“Now,” cried Stan suddenly, “four of you, fire at the steersmen.”
Three shots rang out simultaneously, with the result that the two steersmen went down. But two more sprang to their places, seized the great rudder oar, and the rowers toiling hard, the progress of the junk was apparently not checked, and she came steadily on.
Two more shots rang out, mere cracks in the vast space, but the junk still kept on, till her bows touched the ground and her stern swung round parallel with the wharf, while her crew uttered a fierce yell and crowded to the side; but they were some fifteen feet away from the wharf-edge.
“Hah!” said Stan to himself. “They mean business now;” for once more there was silence for a few moments before the old tactics were carried out, a signal was given, and full warning afforded to the defenders that the enemy was coming on. For on each junk men rushed forward and aft to begin belabouring the great hanging gongs with all their might, and this formed the accompaniment to a terrific chorus of yells.
“I should have liked to go down and see poor Mr Blunt once more,” said Stan to himself; “but I dare not go now.”
Then he started, for his words suddenly assumed a strange significance. It seemed to him as if his seeing Blunt once more meant that it would be for the last time, and something like a shudder ran through him.
He made an effort, however, and it was gone, leaving him firm and ready to an extent that startled him, for he could not believe that in the face of such terrible danger it would last.

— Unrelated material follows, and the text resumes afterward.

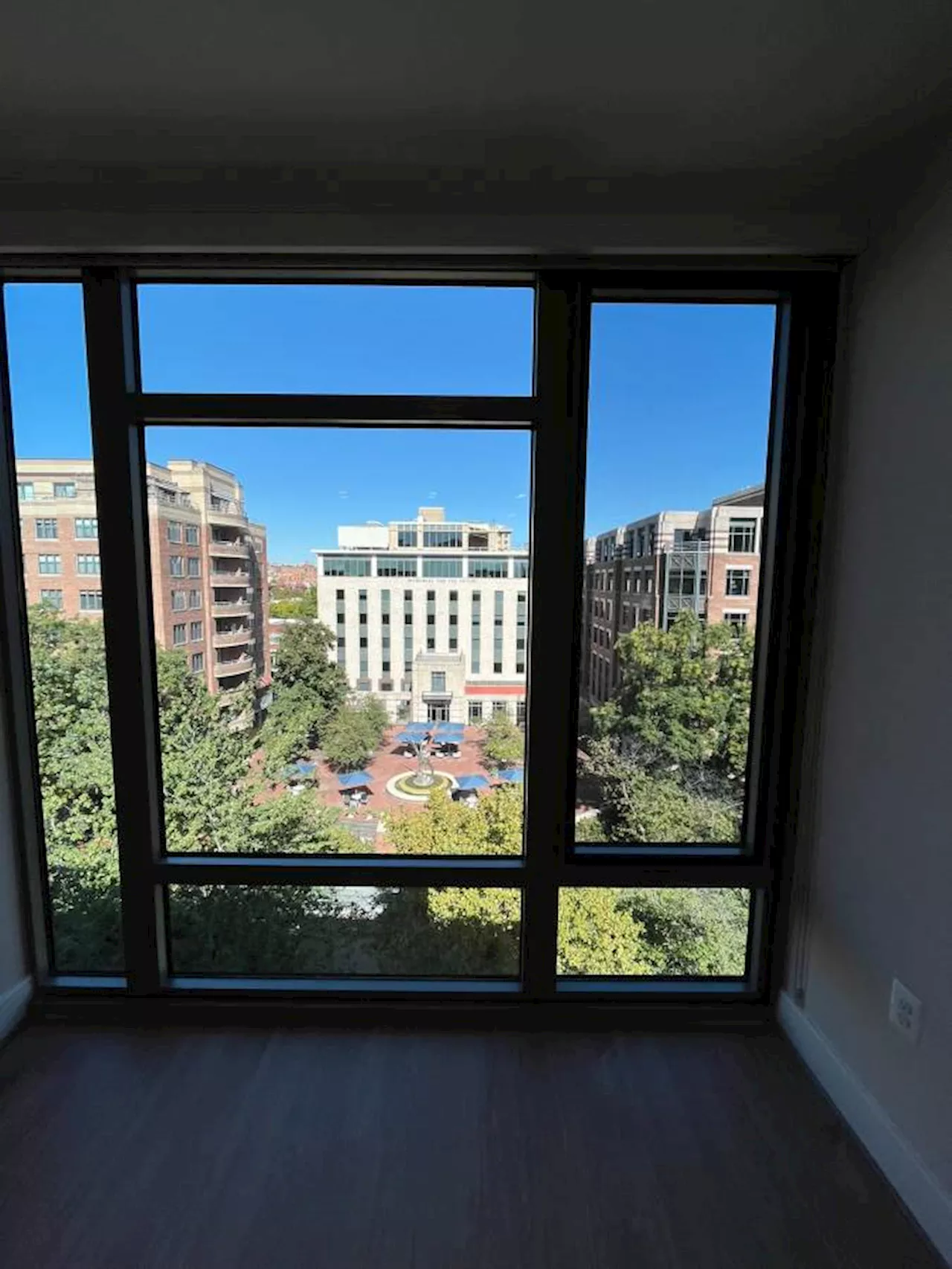 Luxury Top Floor Apartment with Soaring Views in Dupont Circle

There was no more thinking then. The enemy, keeping up the horrible din which was evidently intended to terrify the defenders of the hong into submission, came pouring now from the various junks, some over the sides to leap down from bulwark to wharf, some through the regular gangway, and those from the freshly returned junk making no scruple about dropping from the rail at the nearest point down into the river, to wade or swim ashore. The manoeuvre resulted in several unfortunates being crowded down, to rise after an interval, and in several instances to be swept away by the sharp current now running between the side of the junk and the wharf, where, as fast as the assailants gathered, they rushed yelling to the tea-chest barrier and began to climb.
All was wild excitement on the part of the assailants, who, as they pushed one another up, to be pulled up in turn by those at the top, kept up a continuous chorus of savage abuse and threats of the way that they would treat their victims as soon as they got them down; but the furious outburst seemed to have not the slightest effect upon the defenders, who, crouching well below their barricades, remained perfectly calm and firm. They knew their cut-out task, and contented themselves with the delivery of a well-directed shot now and again. There would be a well-concealed loophole, with nothing visible to the attacking pirates, giving them perfect confidence that the defenders were hiding away from them, and then all at once there followed a sharp, pale spurt of flame, a little puff of smoke, and some leading man of the attacking party would go down from the top of the wall, where he had been urging his followers on, while as he fell it was as often as not to lie perfectly motionless, unnoticed by his people; though upon some occasions, after staggering and falling, he would struggle to his hands and knees and crawl out of the hurrying crowd, to try and creep back to one or other of the junks.
But as fast as one man went down several came on in his place, and in a very short space of time the whole of the narrow alley between wall and store was full of hurrying fighting-men, carrying on the former tactics of battering with their weapons at door and window, some of the storming party holding their ground and keeping on thrusting their spears in savagely wherever there was a loophole to which they could gain access.